• _What is required_: In the records that follow, find the line containing "Tận thấy thú" and the line containing "How to Blur", then transcribe both and every line between them exactly, omitting pictures.

• _Stored data_:
###

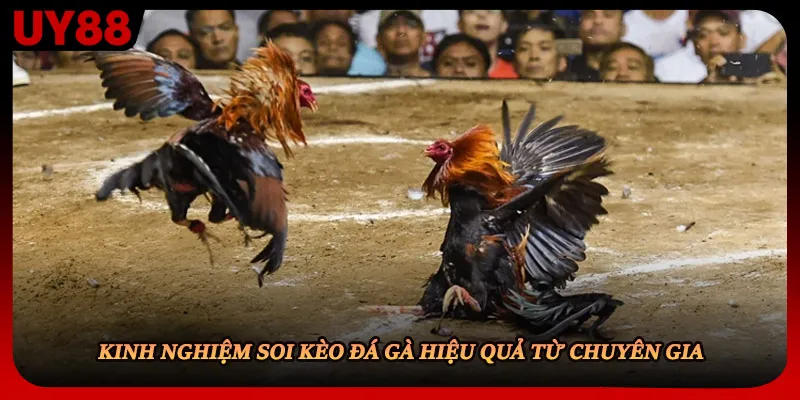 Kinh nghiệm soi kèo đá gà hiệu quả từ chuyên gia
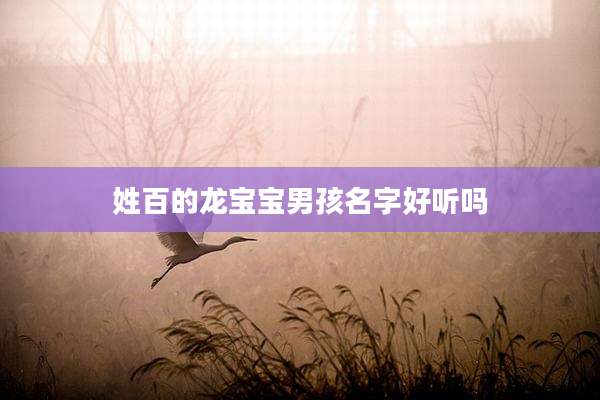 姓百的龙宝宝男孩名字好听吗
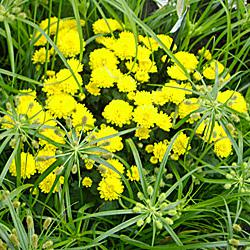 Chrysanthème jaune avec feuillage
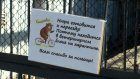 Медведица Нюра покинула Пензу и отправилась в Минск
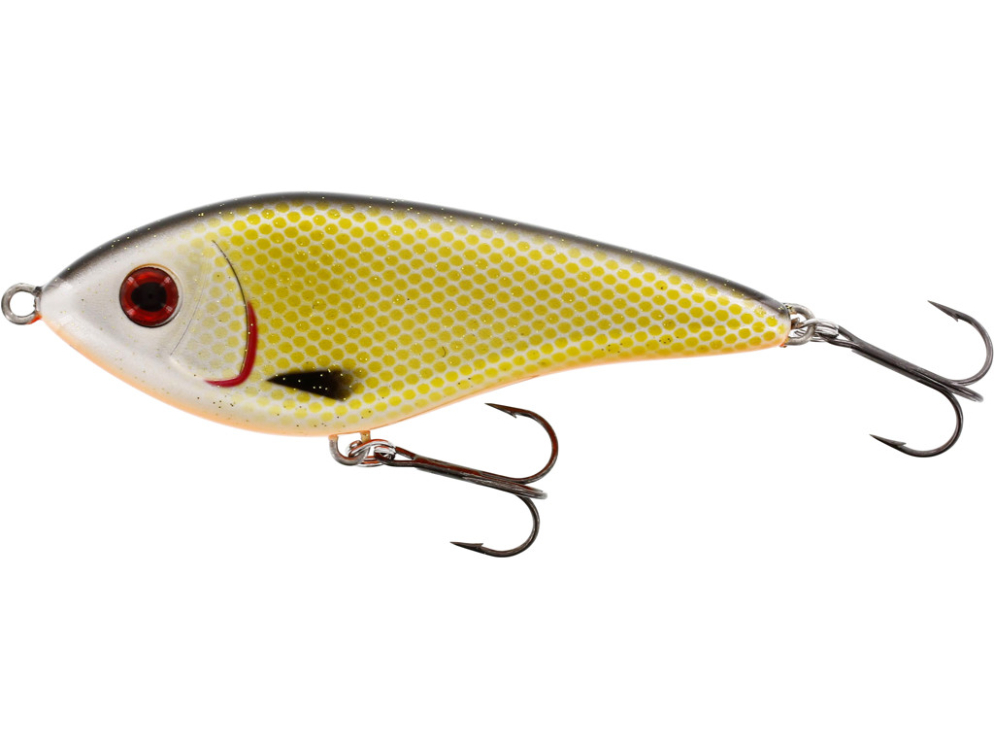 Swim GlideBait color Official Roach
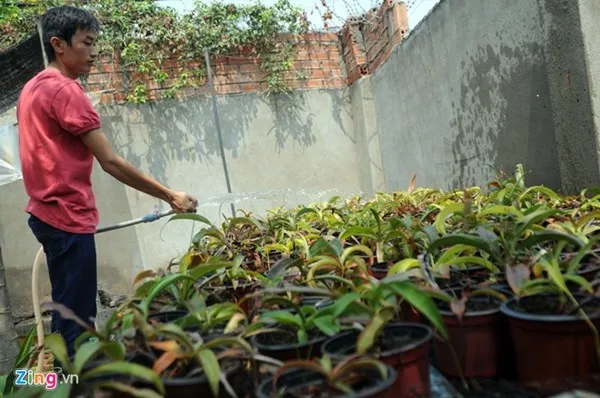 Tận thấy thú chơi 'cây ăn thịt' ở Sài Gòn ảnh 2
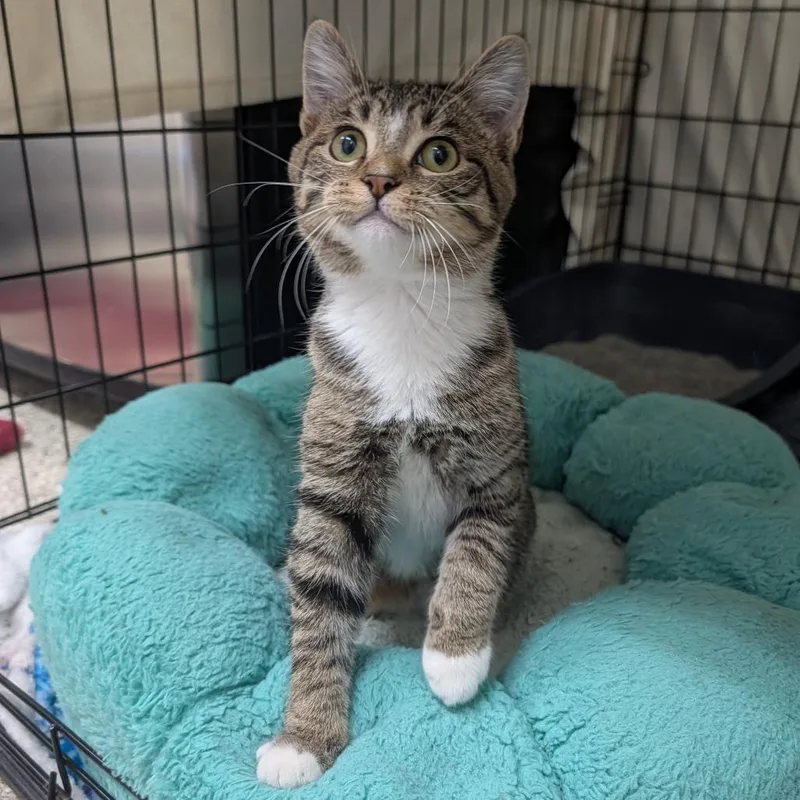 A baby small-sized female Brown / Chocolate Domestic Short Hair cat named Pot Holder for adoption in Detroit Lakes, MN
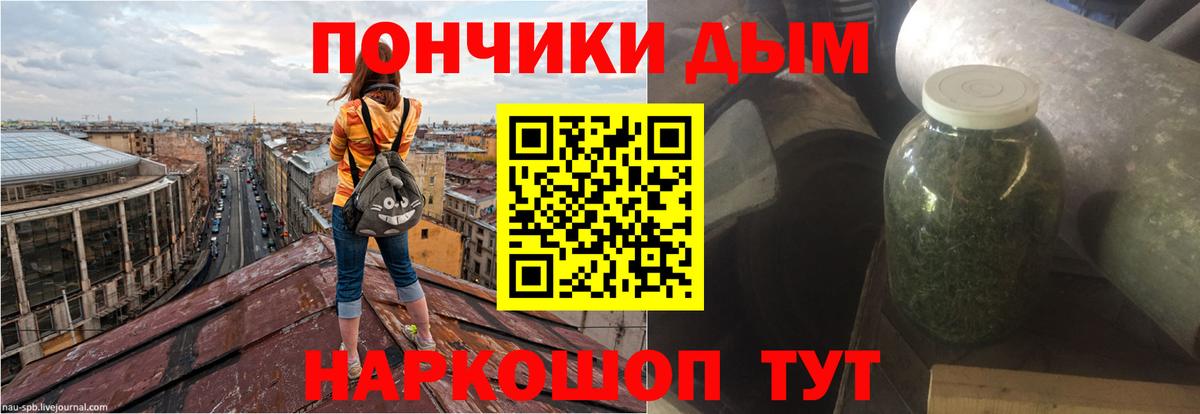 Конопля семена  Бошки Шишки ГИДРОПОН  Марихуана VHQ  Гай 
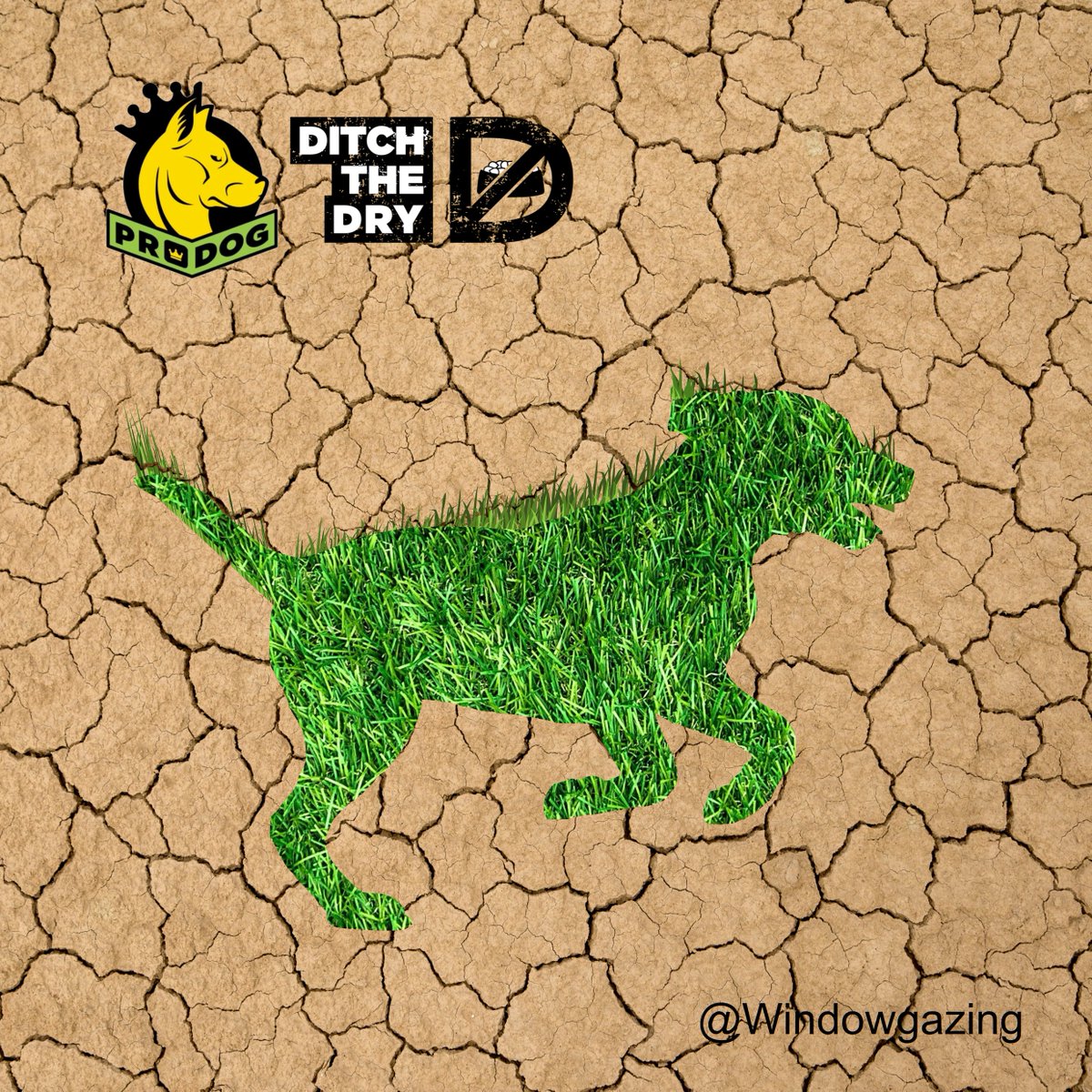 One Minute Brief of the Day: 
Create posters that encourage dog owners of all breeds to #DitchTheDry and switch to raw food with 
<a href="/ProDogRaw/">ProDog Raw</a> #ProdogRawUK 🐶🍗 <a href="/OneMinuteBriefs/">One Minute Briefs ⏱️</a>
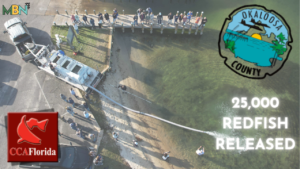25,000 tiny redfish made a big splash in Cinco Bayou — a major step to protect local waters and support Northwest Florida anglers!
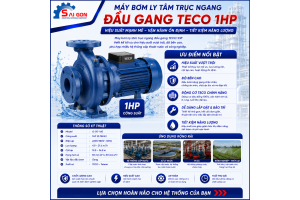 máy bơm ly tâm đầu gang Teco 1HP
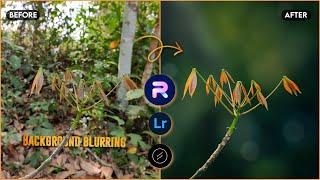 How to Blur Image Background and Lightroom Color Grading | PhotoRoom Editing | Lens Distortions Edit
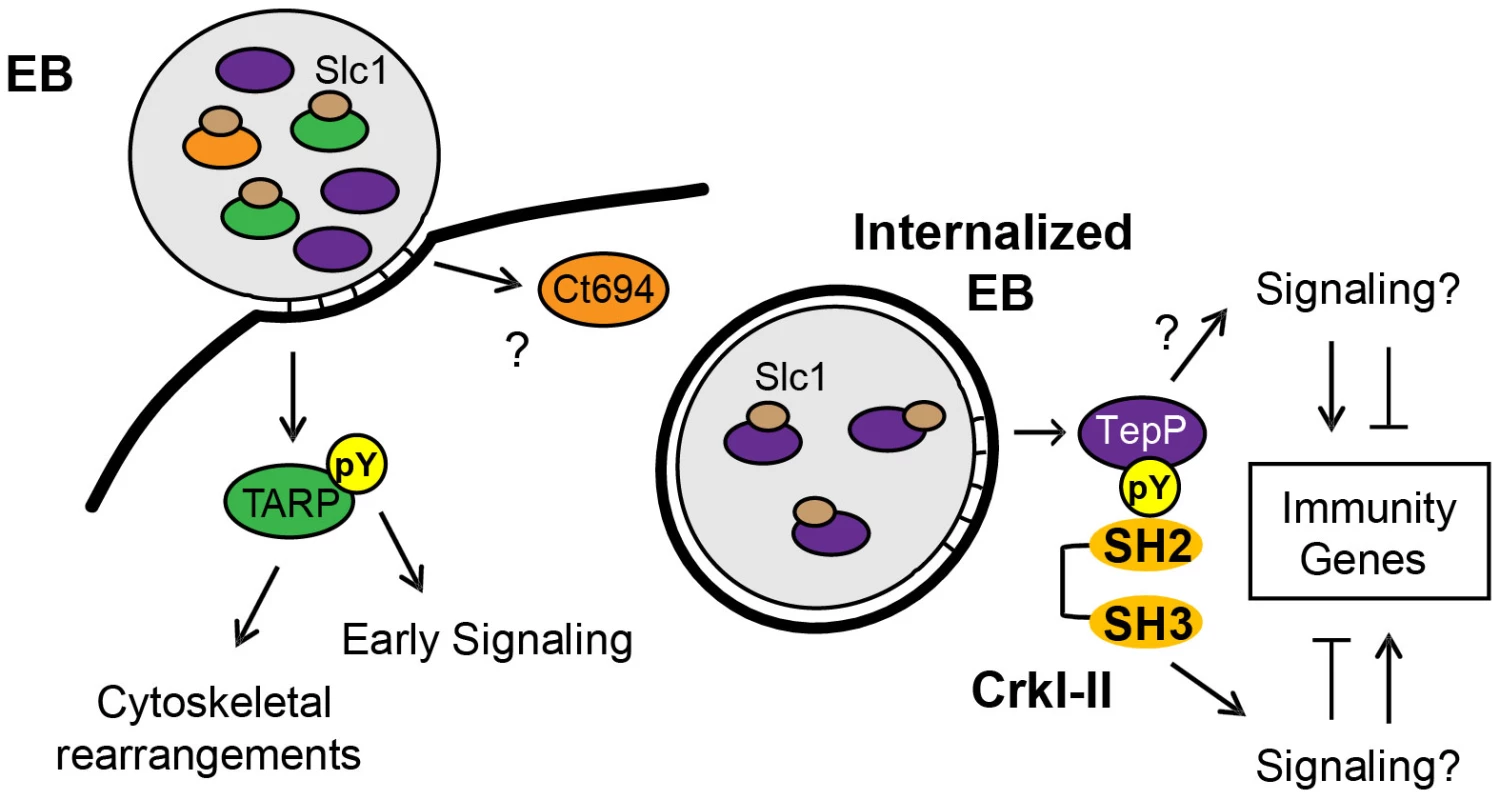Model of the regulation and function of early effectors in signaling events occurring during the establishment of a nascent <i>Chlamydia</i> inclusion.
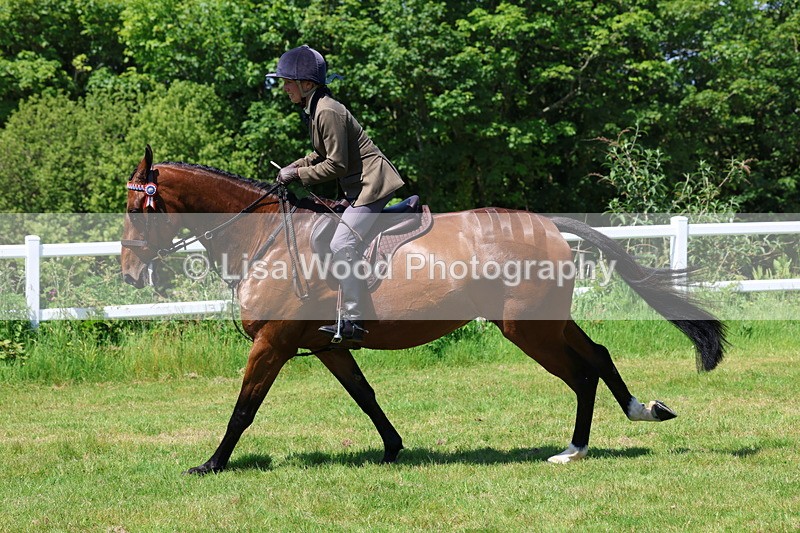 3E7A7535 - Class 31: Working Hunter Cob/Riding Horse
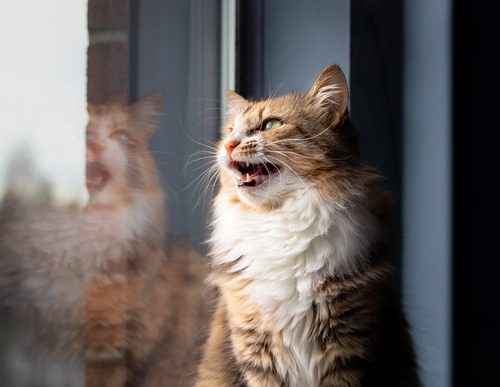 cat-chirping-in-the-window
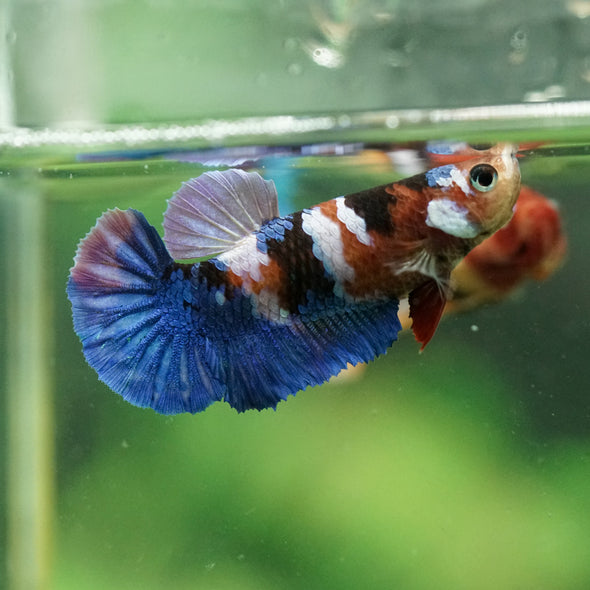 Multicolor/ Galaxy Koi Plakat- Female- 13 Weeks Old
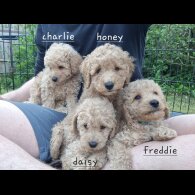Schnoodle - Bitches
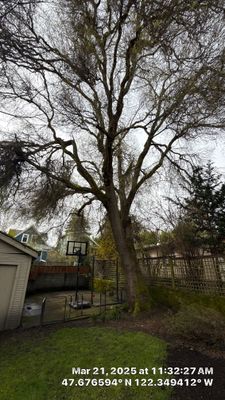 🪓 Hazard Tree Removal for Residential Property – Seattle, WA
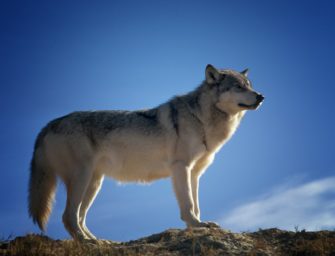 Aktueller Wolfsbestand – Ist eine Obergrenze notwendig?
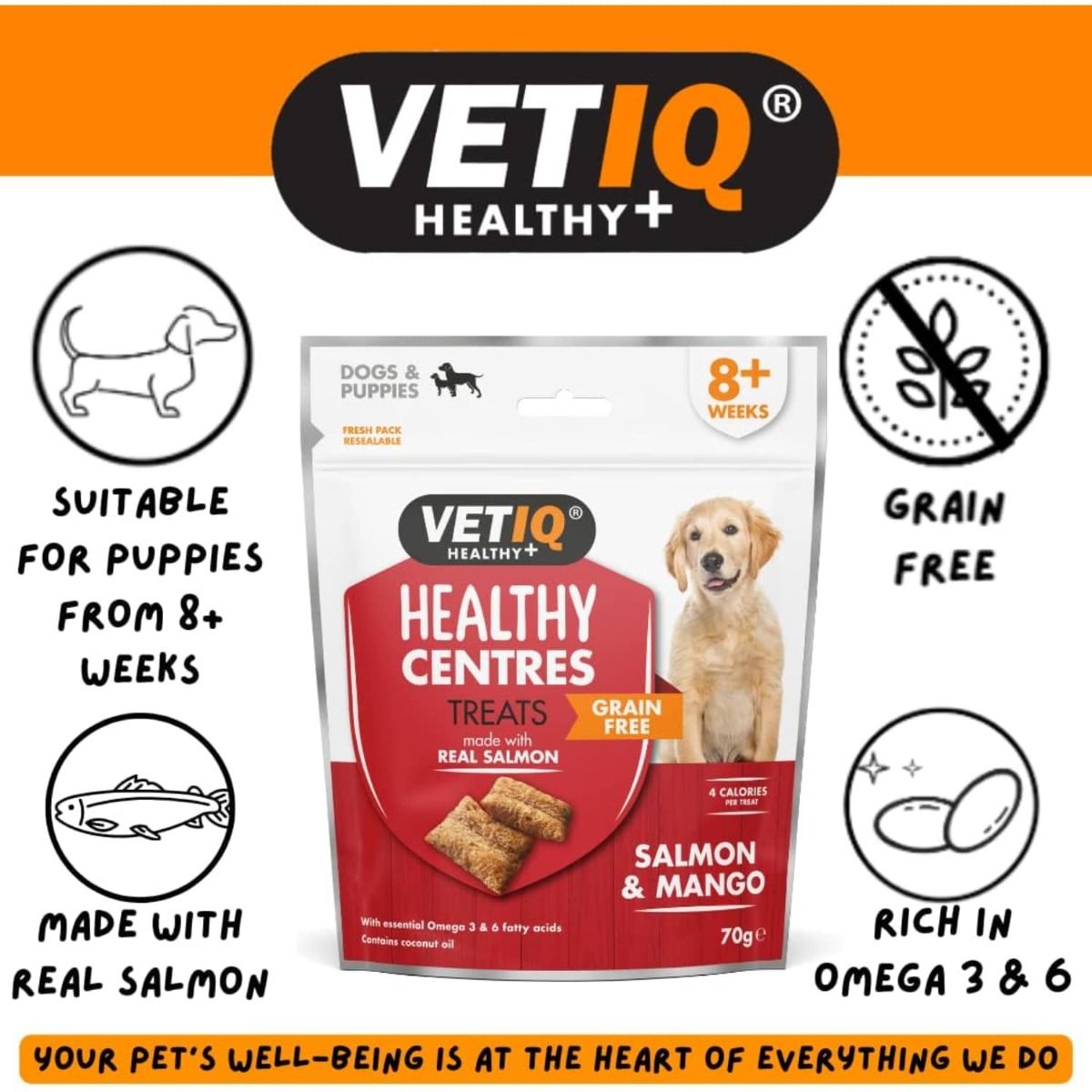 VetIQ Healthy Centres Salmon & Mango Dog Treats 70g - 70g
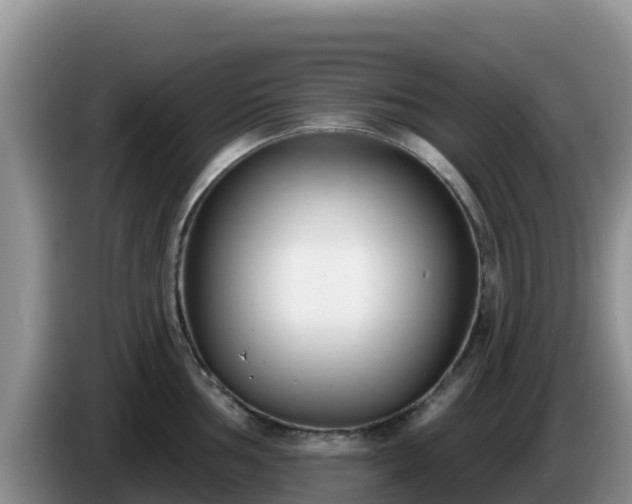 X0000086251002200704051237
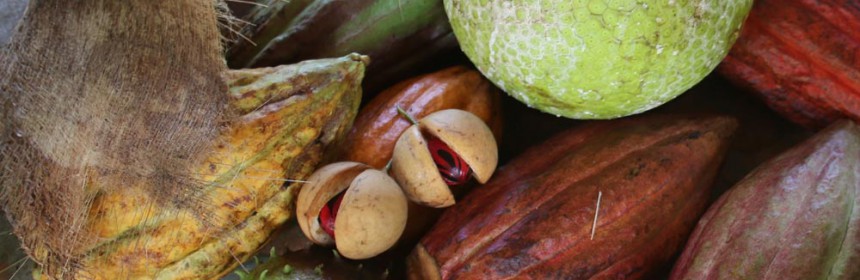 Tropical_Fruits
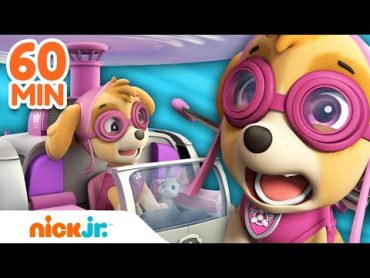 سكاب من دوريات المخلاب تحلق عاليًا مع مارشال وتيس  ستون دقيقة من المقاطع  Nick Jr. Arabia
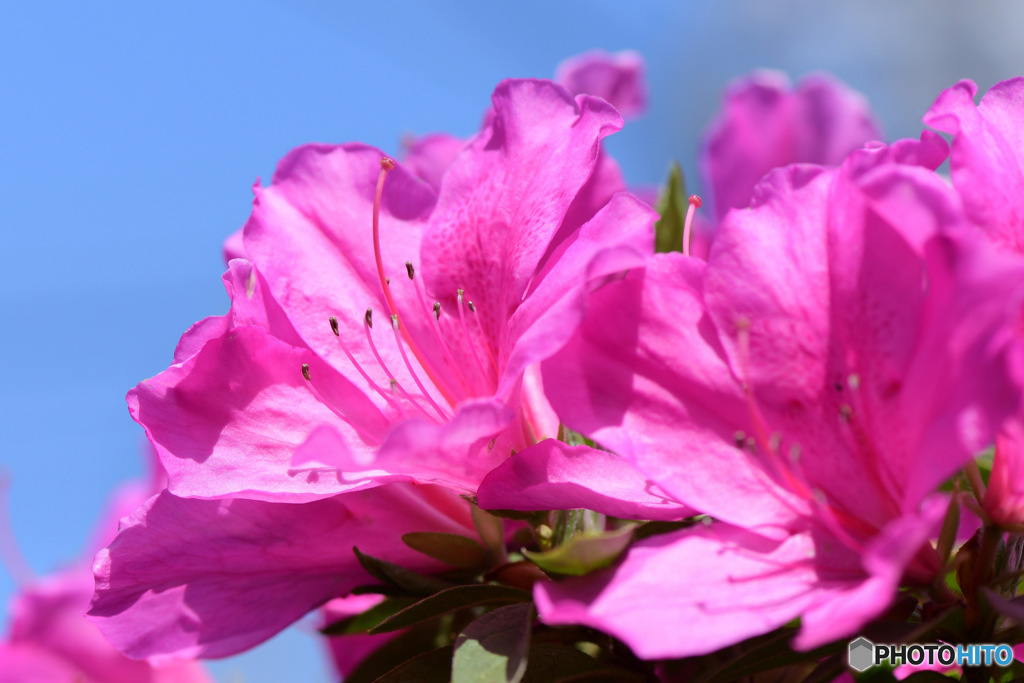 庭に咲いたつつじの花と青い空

###

• _Exercise solution_:
 Tận thấy thú chơi 'cây ăn thịt' ở Sài Gòn ảnh 2
 A baby small-sized female Brown / Chocolate Domestic Short Hair cat named Pot Holder for adoption in Detroit Lakes, MN
 Конопля семена  Бошки Шишки ГИДРОПОН  Марихуана VHQ  Гай 
 One Minute Brief of the Day: 
Create posters that encourage dog owners of all breeds to #DitchTheDry and switch to raw food with 
<a href="/ProDogRaw/">ProDog Raw</a> #ProdogRawUK 🐶🍗 <a href="/OneMinuteBriefs/">One Minute Briefs ⏱️</a>
25,000 tiny redfish made a big splash in Cinco Bayou — a major step to protect local waters and support Northwest Florida anglers!
 máy bơm ly tâm đầu gang Teco 1HP
 How to Blur Image Background and Lightroom Color Grading | PhotoRoom Editing | Lens Distortions Edit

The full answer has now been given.